Algorithms capable of dealing with non-stationary transition functions could make HRL more sample efficient by enabling top-down learning. A model-based approach could help the agent to test out various subgoals without having to worry about how to reach each subgoal. However, how to efficiently learn such a model from experience remains an open question. Other possibilities in order to tackle top-down learning have been proposed under the form of transition policy gradient [150], in which the higher-level can be trained without the lower level, and the usage of off-policy corrections [149,223]. However, additional research in order to stabilize and scale these methods is required.

9.2. Subgoal Representation

An important open problem in the framework of goal-conditional hierarchical learning is the issue of goal representation. Various forms of representation have been researched, ranging from the full state-space [149], to more compact representations [150], learned end-to-end. Using the full state-space, will allow all states to be reached by at least a single sub-behavior, but this approach is difficult to scale.

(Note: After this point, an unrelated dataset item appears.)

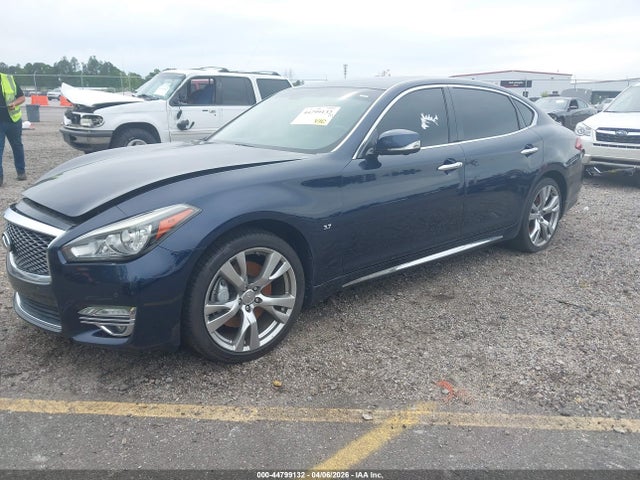 Продаж на аукціоні авто 2019 Infiniti Q70l 3.7 Luxe, vin: JN1BY1PP9KM685530, номер лоту: 44799132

While alternatively, using smaller representations will reduce the amount of different sub-behaviors which can be expressed. Nachum et al. [231] examined the relationship between the representation and its ability to represent an optimal policy as a reward-driven optimization problem. This resulted in impressive performance on some hard high-dimensional, continuous-control tasks.

Another issue regarding representation learning, is its ability to generalize over different environments. An effective goal-representation should be capable of expressing subgoals in multiple similar environments. When drawing inspiration from human intelligence, we do not plan in the raw state-space of the world, but use meaningful abstractions. An optimal goal representation will most likely also be lower-dimensional than the full state-space, and make use of meaningful abstractions. However, how to learn these meaningful state abstractions, only using interaction gathered from the environment is an open question.

9.3. Lifelong Learning

One of the main promises of HRL is that it should be capable of facilitating re-use of sub-behaviors. This re-usability of sub-behaviors should both facilitate transfer-learning new tasks, and should allow the agent to solve more challenging issues by extending upon its existing knowledge.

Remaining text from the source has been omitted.